Belletristik: Die SPIEGEL-Redaktion empfiehlt Romane und Erzählungen aus der Herbstproduktion: verzwickte Familiendramen, melancholische Verlustbilanzen und Beschwörungen historischer Kriminalfälle - Unterhaltsames, Spannendes und Anspruchsvolles für die Zeit nach dem Messetrubel.EINER SPIELT FALSCH

Der Ungar Sándor Márai brilliert mit einem melodramatischen Kindheitsabschied.
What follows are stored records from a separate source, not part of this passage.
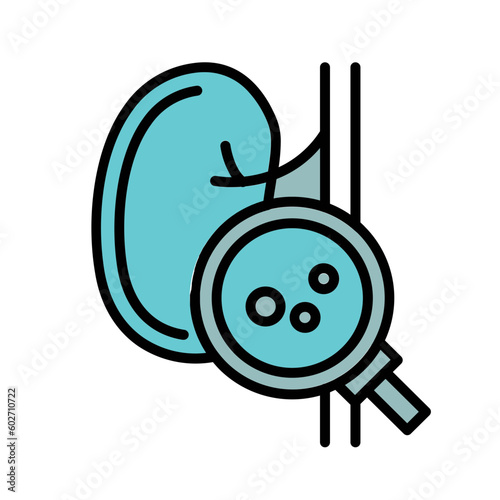 Kidney Checkup Icon Design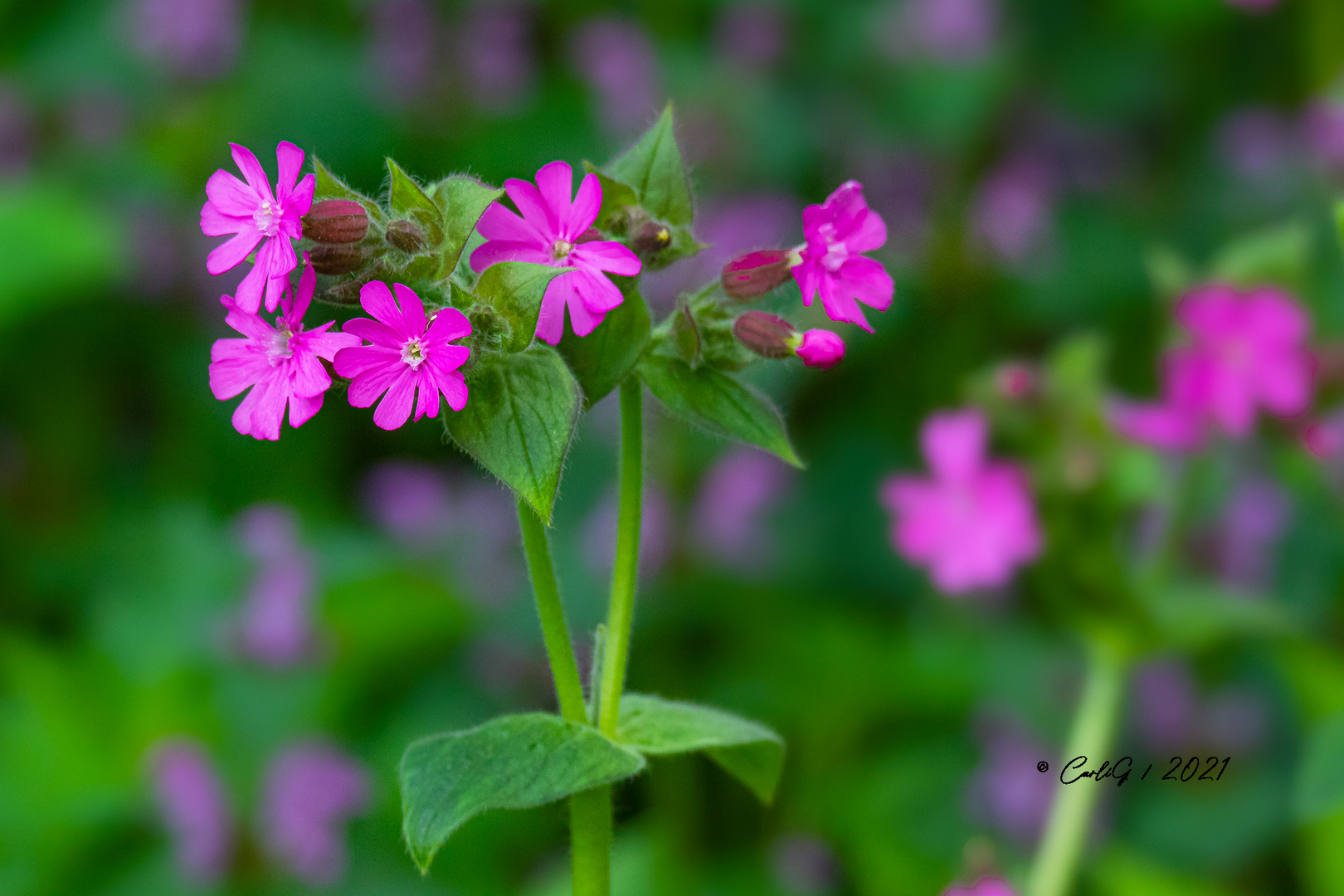 Rote Lichtnelke (Silene dioica) 1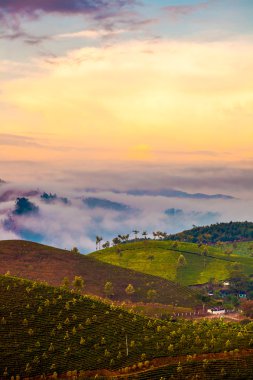 Hindistan 'da çay tarlaları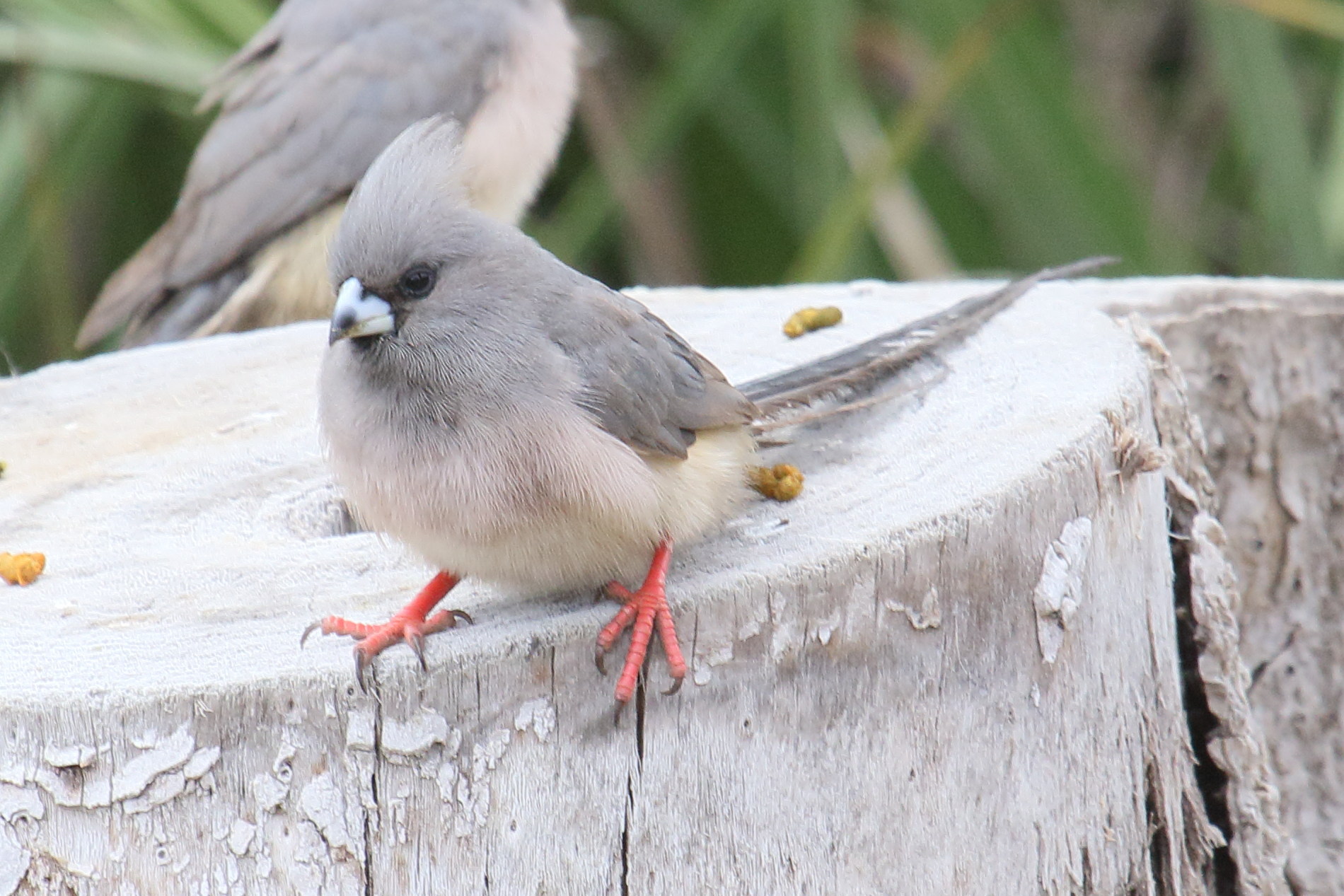 coliou_a_dos_blanc_-_colius_colius3md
Die Vielvölkerwelt der k. u. k. Provinz blitzt im 1929 verfassten, nun erst ins Deutsche übersetzten Frühwerk "Die jungen Rebellen" von Sándor Márai (1900 bis 1989) wie unter gewittrigem Abendlicht auf. Der Romancier, Ungar mit deutschen Ahnen, Exilant über Jahrzehnte und jüngst wiederentdecktes Erzählgenie, hat Jugenderinnerungen an seine Heimatstadt Kaschau (heute slowakisch Kosice) zu einer schillernden Untergangsvision ausphantasiert: Gegen Ende des Ersten Weltkriegs, während die Väter im Felde stehen, findet sich eine vierköpfige Abiturienten-Clique, dazu ein einarmig und verstört von der Front heimgekehrter älterer Bruder, in einem wirr-verzweifelten Komplott gegen die Erwachsenenwelt zusammen. Haben die nicht sogar den Krieg nur als "eine Form der Knechtschaft und Demütigung erfunden", um "die Schwächeren zu quälen"? Die Verschwörer häufen Plunder und Schätze aus ihren Elternhäusern in ein Versteck, einer versetzt das Familiensilber.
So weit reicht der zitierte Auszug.